To work out how the entire process works, ESPNcricinfo sought answers from the ICC on several key questions and put together the following FAQs based on the answers:
How many tournaments are there in the 2023-31 FTP cycle for which EoIs have been sought?
Twenty-eight overall. This includes eight men's, eight women's and eight Under-19 events (four men and four women) along with four World Test Championship finals.
What is/are the timeline(s) for releasing the EoIs?
The ICC has requested that all members, both Full Members and Associates, make their submissions by March 15 so the EoI responses received can be collated and presented to the ICC Board for their consideration during the next meeting in the last week of March. Post that meeting, the ICC intends to follow this up with a formal request for proposal (RFP) process, for which all interested members will have six months to make their formal submissions.

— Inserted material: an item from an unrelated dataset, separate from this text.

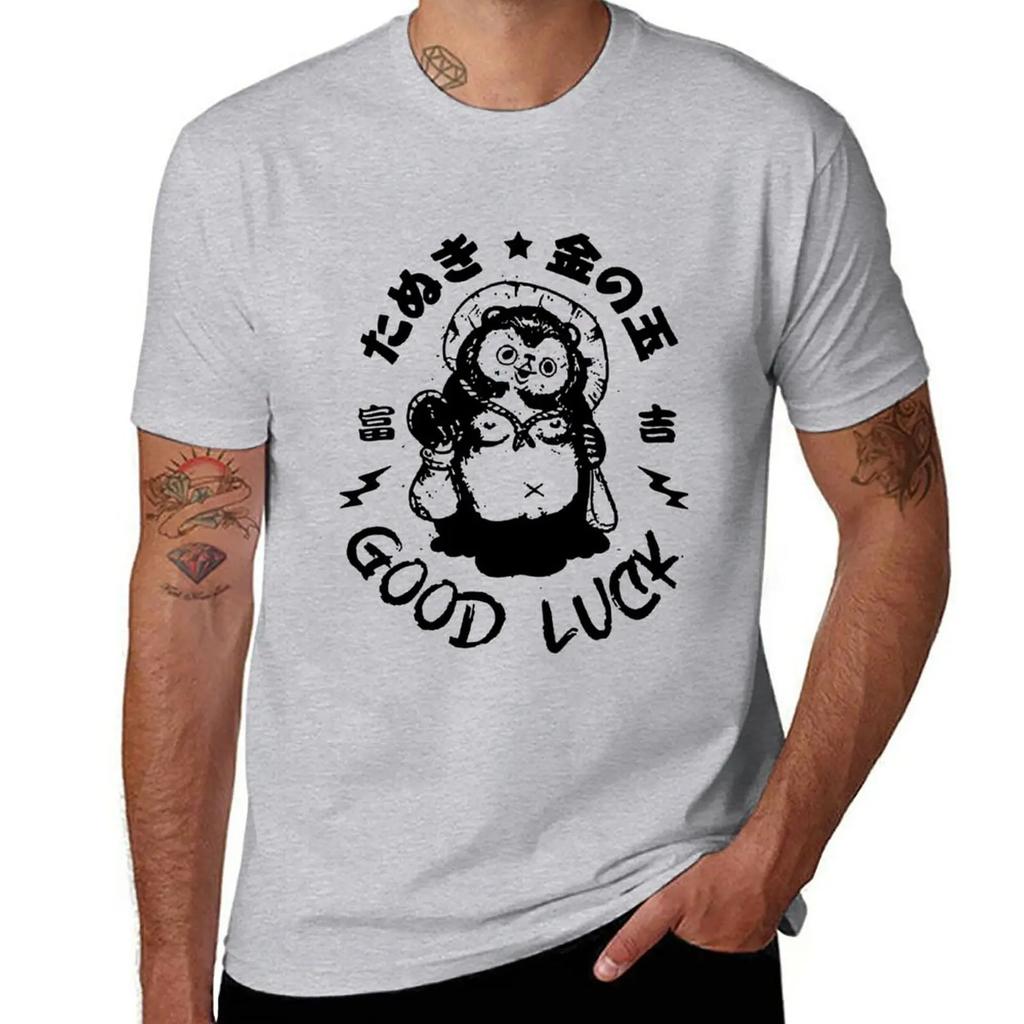 Tanuki T-Shirt Jungen Tierdruck neue Ausgabe Sportfans schlicht Herren Grafik-T-Shirts lustig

Will the calendar be worked out first - listing which tournaments at what time of the year - before the EoIs go out?
No. The ICC believes it is better to first get the feedback from the members on their choices and use that to shape the timing and location of the global events. The EoIs will help the ICC construct a draft calendar for hosting its events based on the responses received. This will give the ICC the starting point for members to develop a full international calendar. According to the ICC, this approach to plan the full FTP programme has been successfully employed over the last two cycles (2007-15 and 2015-23).

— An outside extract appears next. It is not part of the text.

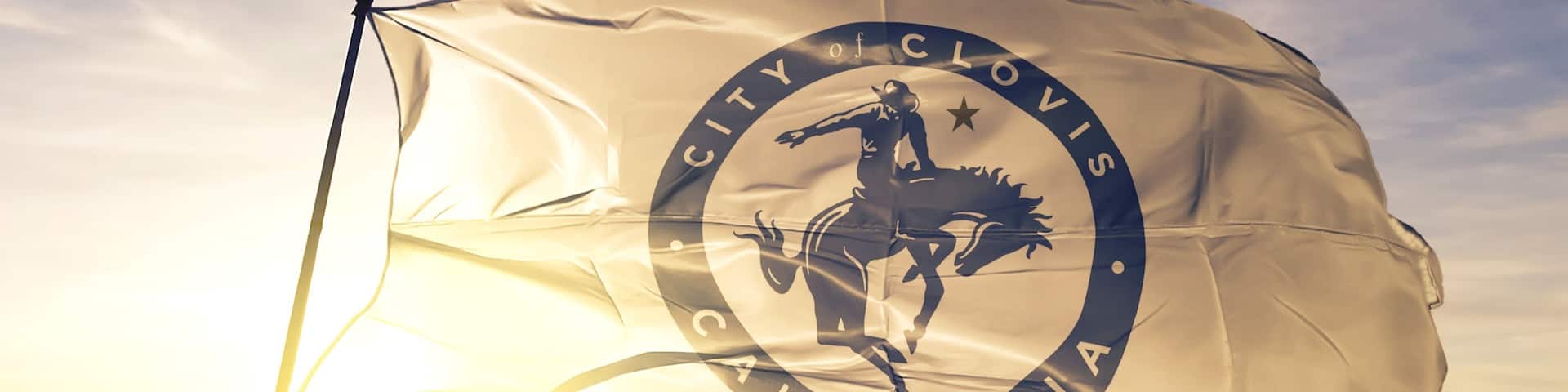 Clovis of California of United States flag waving on the top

Can a country bid for more than one ICC event?
Yes. According to the ICC, the EoI is the first step. It will also allow the members to work with their respective governments on long-term planning and evaluate what will work best for the development of their sport in their respective markets. The ICC has stressed that the joint effort between the host countires and their respective governments is a must to accrue full benefits of hosting an event.

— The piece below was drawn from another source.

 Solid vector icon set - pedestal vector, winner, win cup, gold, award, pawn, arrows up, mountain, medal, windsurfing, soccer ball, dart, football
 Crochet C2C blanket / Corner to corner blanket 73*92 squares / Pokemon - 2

Why was bidding felt to be a better option?
The model provides an equal opportunity to all members, if they meet the criteria to bid for hosting the events. The ICC has said this is a very common model used globally for a number of other sports and global events. The ICC also said it had used this model previously and is a "central plank of our ambitions to grow the game globally."
How does the bidding process work?
Once the EoIs have been submitted and shared, a formal RFP process, which will run for six months, will be opened. Interested members will be asked to respond to the RFP and submit proposals to host ICC events based on the RFP criteria which will then be considered for approval.
Is the ICC expecting bidding for a tournament to be a revenue-generator?
The ICC has said its preference is to stage events where there is support from the government in hosting the event and development of the sport in the country. Revenue is "just one of the many criteria" which will be detailed in the RFP that will be considered along with a range of other things including infrastructure, growth in the market and development of the sport.
What are the various eligibility criteria?
There will be a host of eligibility criteria including the required infrastructure to stage the events, which differs depending on the size of the event, the current cricketing eco-system in the market, the growth potential and development of infrastructure in place. Guarantees in relation to visas, tax exemptions, customs, security will also be a requirement.